**Dataset extract:**
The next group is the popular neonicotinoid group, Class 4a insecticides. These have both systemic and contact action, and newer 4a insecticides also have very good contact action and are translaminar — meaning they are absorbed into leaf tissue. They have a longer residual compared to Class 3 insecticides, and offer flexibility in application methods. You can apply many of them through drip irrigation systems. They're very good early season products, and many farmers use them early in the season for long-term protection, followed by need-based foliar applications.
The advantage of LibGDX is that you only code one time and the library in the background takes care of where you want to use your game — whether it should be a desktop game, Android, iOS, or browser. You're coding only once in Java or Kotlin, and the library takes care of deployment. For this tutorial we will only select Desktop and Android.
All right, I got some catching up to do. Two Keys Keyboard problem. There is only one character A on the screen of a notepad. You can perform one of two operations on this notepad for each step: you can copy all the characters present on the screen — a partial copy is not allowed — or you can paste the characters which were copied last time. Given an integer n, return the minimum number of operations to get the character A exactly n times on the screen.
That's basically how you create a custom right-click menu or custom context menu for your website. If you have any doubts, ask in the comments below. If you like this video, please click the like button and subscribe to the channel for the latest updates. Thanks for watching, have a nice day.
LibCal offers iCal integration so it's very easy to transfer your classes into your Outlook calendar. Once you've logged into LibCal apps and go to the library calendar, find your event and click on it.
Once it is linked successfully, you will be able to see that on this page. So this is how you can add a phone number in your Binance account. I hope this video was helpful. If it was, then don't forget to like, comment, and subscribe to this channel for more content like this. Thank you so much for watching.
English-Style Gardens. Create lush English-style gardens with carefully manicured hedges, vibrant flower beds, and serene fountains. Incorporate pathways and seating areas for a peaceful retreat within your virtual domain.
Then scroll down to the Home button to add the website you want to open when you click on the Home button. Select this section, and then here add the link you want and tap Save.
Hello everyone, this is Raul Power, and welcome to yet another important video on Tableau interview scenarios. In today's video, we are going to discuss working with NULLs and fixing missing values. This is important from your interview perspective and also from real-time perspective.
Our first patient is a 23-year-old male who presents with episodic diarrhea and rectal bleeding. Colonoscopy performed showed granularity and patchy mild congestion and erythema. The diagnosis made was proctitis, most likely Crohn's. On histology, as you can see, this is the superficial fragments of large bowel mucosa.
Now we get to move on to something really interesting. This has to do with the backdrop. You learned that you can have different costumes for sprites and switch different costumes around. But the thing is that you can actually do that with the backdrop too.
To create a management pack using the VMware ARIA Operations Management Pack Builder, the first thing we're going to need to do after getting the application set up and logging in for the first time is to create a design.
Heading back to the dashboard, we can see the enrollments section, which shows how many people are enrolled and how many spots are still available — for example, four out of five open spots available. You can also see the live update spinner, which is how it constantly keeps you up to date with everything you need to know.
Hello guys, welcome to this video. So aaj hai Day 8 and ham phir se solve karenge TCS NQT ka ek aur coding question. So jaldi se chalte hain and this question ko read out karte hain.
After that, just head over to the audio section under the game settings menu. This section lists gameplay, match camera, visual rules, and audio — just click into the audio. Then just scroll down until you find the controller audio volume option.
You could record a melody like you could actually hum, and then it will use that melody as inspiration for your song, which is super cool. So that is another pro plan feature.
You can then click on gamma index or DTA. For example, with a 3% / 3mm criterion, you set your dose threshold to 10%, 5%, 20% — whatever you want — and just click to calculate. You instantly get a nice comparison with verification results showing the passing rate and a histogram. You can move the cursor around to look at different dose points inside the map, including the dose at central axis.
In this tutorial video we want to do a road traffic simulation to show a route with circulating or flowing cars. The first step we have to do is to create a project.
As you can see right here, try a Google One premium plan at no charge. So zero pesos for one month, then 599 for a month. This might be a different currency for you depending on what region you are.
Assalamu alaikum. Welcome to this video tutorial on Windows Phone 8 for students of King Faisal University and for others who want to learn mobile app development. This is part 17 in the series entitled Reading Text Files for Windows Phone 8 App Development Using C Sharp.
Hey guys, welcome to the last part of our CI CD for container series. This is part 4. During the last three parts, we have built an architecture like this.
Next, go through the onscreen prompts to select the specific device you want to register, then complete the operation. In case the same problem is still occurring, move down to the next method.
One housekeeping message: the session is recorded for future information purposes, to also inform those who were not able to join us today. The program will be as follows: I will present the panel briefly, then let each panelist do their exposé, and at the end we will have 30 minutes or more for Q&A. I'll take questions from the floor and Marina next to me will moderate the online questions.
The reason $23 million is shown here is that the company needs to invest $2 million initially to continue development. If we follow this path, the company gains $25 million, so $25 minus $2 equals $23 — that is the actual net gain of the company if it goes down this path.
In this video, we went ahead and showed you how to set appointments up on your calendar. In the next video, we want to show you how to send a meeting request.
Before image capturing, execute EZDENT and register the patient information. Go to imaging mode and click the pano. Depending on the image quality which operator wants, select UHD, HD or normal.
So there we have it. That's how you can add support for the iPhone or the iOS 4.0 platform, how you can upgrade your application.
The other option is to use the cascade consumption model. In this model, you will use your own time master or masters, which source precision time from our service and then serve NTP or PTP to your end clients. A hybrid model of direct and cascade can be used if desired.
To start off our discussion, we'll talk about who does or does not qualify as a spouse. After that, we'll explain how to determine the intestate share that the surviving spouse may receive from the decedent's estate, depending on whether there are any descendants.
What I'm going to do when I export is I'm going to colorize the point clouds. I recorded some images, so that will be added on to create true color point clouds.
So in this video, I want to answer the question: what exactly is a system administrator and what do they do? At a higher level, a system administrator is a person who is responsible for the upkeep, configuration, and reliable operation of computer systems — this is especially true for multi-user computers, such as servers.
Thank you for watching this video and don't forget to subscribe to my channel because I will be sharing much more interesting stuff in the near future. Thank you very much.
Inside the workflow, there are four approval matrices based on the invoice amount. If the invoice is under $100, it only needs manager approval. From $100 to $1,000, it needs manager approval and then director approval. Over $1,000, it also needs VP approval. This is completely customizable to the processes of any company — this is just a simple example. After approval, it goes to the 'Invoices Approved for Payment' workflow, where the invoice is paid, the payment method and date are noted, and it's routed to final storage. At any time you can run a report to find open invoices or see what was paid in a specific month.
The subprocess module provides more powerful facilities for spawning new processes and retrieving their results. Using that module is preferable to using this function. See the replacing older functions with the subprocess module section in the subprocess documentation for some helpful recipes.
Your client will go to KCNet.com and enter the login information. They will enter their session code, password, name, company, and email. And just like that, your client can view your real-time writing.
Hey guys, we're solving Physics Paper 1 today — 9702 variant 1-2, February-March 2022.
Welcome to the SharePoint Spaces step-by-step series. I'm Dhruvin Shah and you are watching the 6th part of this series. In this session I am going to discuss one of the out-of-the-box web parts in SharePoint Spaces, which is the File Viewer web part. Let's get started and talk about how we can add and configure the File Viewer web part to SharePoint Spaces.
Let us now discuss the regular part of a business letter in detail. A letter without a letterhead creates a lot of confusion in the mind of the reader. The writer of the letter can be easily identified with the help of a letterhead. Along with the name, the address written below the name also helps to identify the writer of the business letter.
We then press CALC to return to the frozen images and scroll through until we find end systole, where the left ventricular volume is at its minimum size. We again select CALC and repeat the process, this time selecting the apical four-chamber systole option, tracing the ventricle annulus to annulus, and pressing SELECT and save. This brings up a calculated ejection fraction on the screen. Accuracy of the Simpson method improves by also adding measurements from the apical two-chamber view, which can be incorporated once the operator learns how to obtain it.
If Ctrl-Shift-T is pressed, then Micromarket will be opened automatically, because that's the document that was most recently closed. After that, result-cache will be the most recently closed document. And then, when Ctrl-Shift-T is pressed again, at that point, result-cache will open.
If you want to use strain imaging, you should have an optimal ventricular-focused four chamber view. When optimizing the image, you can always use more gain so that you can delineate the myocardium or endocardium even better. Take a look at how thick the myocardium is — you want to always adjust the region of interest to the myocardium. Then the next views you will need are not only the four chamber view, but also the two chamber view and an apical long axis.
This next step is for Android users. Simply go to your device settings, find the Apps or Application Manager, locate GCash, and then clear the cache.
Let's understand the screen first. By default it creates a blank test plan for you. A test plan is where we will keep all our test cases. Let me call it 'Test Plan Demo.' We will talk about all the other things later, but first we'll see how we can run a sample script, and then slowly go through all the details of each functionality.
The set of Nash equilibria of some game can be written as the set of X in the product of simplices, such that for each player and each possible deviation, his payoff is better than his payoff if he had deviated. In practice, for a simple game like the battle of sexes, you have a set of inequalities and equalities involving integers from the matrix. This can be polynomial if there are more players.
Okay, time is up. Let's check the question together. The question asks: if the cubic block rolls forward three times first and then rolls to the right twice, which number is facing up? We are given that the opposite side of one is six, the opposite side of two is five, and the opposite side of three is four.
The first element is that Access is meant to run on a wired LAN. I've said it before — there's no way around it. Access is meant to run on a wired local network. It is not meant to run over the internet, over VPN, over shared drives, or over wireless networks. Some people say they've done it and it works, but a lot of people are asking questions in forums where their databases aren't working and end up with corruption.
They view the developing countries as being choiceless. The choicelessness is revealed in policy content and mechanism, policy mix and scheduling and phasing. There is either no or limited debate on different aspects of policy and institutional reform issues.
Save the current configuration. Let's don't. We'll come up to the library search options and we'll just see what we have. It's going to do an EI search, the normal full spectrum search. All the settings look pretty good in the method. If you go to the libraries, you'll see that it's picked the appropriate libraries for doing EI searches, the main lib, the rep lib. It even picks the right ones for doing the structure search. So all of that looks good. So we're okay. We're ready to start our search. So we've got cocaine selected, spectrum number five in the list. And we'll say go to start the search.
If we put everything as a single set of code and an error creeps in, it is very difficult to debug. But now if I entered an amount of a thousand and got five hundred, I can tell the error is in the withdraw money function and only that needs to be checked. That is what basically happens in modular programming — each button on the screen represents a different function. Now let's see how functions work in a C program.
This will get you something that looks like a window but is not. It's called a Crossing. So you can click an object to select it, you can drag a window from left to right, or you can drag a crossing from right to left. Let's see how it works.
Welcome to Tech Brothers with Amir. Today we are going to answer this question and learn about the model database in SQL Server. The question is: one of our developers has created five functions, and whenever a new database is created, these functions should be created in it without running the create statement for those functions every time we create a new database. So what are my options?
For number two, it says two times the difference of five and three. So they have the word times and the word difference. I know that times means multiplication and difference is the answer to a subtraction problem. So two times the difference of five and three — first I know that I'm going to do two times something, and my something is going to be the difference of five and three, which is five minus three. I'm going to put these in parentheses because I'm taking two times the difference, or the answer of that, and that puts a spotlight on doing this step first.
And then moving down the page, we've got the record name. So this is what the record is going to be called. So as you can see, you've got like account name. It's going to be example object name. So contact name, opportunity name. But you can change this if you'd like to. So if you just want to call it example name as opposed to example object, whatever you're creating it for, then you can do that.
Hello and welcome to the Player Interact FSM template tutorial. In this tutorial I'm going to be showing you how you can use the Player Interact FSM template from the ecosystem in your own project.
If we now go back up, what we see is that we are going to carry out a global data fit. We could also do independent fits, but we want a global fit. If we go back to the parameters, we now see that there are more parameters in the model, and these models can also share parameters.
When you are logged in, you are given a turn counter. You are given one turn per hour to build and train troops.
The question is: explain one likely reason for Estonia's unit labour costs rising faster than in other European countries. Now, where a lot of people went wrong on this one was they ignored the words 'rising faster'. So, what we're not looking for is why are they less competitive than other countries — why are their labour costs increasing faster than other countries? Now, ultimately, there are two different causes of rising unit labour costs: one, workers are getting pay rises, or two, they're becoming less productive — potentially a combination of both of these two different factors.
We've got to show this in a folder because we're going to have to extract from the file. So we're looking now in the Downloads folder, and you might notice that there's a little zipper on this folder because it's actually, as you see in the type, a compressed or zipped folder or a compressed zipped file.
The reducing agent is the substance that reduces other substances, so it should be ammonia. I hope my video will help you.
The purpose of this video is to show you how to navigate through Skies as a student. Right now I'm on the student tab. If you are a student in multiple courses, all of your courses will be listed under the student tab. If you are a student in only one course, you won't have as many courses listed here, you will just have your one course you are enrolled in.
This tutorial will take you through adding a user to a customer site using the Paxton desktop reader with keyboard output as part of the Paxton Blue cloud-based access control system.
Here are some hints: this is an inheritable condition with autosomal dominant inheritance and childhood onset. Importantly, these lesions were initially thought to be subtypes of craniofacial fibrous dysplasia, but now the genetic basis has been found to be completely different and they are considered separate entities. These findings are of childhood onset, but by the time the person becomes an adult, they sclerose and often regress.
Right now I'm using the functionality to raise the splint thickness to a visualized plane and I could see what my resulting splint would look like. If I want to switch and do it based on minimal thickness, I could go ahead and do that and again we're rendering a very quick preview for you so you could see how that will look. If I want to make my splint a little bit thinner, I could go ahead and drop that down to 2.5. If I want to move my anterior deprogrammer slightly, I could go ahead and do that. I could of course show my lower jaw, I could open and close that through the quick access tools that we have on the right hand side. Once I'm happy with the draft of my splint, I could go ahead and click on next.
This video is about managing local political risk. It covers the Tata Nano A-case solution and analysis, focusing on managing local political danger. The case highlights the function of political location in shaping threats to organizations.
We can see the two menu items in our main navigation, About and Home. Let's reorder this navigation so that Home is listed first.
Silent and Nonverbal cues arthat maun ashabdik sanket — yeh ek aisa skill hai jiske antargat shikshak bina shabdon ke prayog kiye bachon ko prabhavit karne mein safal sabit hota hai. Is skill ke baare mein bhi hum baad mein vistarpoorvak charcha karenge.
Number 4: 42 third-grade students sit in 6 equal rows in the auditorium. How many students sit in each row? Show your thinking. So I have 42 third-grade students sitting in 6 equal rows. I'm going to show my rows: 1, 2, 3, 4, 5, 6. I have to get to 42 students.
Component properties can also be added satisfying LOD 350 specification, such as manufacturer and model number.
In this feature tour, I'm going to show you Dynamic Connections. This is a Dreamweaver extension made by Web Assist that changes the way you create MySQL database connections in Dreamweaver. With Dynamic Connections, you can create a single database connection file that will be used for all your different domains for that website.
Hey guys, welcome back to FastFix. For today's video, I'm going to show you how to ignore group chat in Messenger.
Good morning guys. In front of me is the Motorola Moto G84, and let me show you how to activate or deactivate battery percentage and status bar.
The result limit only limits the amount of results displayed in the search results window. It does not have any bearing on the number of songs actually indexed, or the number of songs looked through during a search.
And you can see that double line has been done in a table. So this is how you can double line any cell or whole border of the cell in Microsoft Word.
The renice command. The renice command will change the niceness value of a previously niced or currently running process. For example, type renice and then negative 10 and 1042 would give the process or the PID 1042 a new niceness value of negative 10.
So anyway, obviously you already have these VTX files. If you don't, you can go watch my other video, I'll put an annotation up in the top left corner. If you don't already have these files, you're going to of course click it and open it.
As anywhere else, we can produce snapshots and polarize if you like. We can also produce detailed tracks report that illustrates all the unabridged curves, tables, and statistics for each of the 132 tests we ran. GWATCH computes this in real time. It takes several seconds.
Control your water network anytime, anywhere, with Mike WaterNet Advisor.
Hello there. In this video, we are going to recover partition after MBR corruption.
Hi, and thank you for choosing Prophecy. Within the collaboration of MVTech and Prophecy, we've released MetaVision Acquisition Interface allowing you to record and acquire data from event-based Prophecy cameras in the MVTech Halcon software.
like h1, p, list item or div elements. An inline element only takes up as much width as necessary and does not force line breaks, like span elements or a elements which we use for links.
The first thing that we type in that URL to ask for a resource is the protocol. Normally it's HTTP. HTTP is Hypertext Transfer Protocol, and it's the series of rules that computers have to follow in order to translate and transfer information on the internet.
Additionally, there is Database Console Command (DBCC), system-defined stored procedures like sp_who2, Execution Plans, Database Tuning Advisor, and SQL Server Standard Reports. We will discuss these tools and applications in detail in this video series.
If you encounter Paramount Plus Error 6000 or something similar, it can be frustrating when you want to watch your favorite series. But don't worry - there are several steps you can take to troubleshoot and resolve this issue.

**What to do:** In the listing above, the lines from the one containing "Hey guys, welcome to" through the one containing "In this video, we went" must be set down exactly, with no other lines.

**Problem solution:**
Hey guys, welcome to the last part of our CI CD for container series. This is part 4. During the last three parts, we have built an architecture like this.
Next, go through the onscreen prompts to select the specific device you want to register, then complete the operation. In case the same problem is still occurring, move down to the next method.
One housekeeping message: the session is recorded for future information purposes, to also inform those who were not able to join us today. The program will be as follows: I will present the panel briefly, then let each panelist do their exposé, and at the end we will have 30 minutes or more for Q&A. I'll take questions from the floor and Marina next to me will moderate the online questions.
The reason $23 million is shown here is that the company needs to invest $2 million initially to continue development. If we follow this path, the company gains $25 million, so $25 minus $2 equals $23 — that is the actual net gain of the company if it goes down this path.
In this video, we went ahead and showed you how to set appointments up on your calendar. In the next video, we want to show you how to send a meeting request.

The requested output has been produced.